The way writing is taught is, by and large, terrible.
Starting at an early age, English teachers encourage students to think of writing as an unbearable chore, a hellish task, and something that only the rarefied few will ever excel at. It doesn't have to be this way.
I loved writing as a kid, and love it still, but it was in spite of my writing teachers, not because of them. They did their damnedest to make writing a miserable experience. Frequently a first draft writing assignment would come back to me marked up with red ink, with harsh comments in the columns. This is not the way to teach a creative process.
Often the way writing is graded by teachers puts too much focus on the mechanics. I know why teachers do this. It is a fact that poor mechanics in writing will make other people think you are stupid. A single typo on a resume could mean you don't get invited for an interview.

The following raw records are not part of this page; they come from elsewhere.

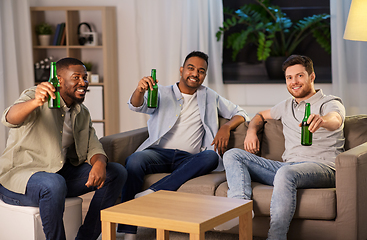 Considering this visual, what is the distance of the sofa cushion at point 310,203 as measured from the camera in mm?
2135

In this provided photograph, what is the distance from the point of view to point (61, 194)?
197 centimetres

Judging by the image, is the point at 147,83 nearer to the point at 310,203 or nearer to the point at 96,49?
the point at 310,203

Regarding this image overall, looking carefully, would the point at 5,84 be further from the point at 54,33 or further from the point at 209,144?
the point at 209,144

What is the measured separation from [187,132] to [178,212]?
1.19 meters

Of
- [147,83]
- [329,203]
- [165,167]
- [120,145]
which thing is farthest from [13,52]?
[329,203]

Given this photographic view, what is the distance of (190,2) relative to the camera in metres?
4.37

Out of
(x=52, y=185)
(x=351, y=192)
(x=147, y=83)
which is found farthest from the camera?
(x=147, y=83)

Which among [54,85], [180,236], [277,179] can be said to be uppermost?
[54,85]

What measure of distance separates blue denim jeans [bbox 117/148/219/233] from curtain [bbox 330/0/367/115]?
1.99 metres

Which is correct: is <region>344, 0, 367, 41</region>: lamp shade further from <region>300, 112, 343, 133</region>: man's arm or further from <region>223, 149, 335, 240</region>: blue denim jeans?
<region>223, 149, 335, 240</region>: blue denim jeans

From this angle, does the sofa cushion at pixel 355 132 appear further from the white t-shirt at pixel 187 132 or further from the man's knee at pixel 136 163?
the man's knee at pixel 136 163

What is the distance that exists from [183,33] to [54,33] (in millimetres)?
1440

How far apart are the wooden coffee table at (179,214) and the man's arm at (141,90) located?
82 cm

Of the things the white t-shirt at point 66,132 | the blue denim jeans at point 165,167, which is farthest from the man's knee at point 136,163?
the white t-shirt at point 66,132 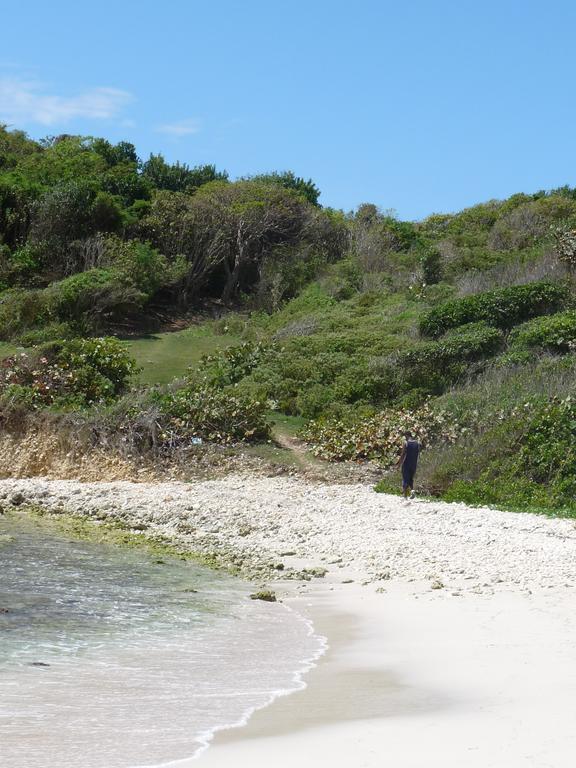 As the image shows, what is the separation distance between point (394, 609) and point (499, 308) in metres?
19.7

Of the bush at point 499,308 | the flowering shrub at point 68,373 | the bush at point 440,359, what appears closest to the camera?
the flowering shrub at point 68,373

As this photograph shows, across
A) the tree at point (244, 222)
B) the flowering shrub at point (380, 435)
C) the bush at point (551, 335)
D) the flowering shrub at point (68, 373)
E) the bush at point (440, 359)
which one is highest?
the tree at point (244, 222)

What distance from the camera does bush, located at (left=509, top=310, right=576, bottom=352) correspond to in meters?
25.7

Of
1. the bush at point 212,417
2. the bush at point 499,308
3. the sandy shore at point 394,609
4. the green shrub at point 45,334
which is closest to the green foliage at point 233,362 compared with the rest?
the bush at point 212,417

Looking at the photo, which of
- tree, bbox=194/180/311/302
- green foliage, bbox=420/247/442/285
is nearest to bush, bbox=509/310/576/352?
green foliage, bbox=420/247/442/285

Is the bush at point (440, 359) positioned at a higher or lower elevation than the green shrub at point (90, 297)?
lower

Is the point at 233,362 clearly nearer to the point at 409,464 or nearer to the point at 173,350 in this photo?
the point at 173,350

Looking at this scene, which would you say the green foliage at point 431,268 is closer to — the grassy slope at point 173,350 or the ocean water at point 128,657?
the grassy slope at point 173,350

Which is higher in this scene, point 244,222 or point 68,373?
point 244,222

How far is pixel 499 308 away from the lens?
2850cm

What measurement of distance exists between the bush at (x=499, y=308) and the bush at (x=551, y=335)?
5.37 feet

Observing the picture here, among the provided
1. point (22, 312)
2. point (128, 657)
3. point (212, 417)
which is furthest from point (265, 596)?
point (22, 312)

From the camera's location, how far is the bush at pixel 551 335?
25.7 m

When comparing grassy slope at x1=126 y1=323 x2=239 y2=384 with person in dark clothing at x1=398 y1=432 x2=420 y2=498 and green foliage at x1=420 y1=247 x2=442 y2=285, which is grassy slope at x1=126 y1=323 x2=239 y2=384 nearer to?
green foliage at x1=420 y1=247 x2=442 y2=285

People love finding ways to elevate themselves above others, and the English language is an absolute minefield of opportunities for error - homophones, silent letters, foreign spellings, irregular plural markers. And often in modern society your first impression on another person is through your writing. An error in mechanics can have an outsize impact.
But writing is not mechanics. Writing is not spelling and grammar and handwriting. Those are the tools we use to produce writing, just as paintbrushes, paint and brush strokes are the tools a painter uses to create art. But the writing itself is so much more than the sum of its parts.
Writing can be many things. Analysis. Explanation. Persuasion. Expression. Good writing has a voice that is unique to the writer, and ideas combined in new ways. The raw material of writing is drawn from experience, and the practice of writing improves the result. This is a creative endeavor, and it should be taught as such.
If art teachers taught painting the way English teachers teach writing, no one would enjoy art. And in fact, some art teachers do teach art badly, and the result is a lot of people giving up on something they enjoy, because they think they can't "hack it" as artists. Shame on those teachers.
Imagine if you were trying to learn to paint, and every time the art teacher came around to look at your work they said things like "your lines aren't straight enough" or "these proportions are all wrong". How long would you last under that treatment?
And yet so many people think this is the way to teach writing. The vast majority of my writing teachers felt it was appropriate to laser in on every error, prejudge my work before talking to me, and to deconstruct what I wrote rather than to engage with it holistically. Very few of them ever asked questions like "what were you trying to do with this section?" - and of the few who did, I LOVED those teachers.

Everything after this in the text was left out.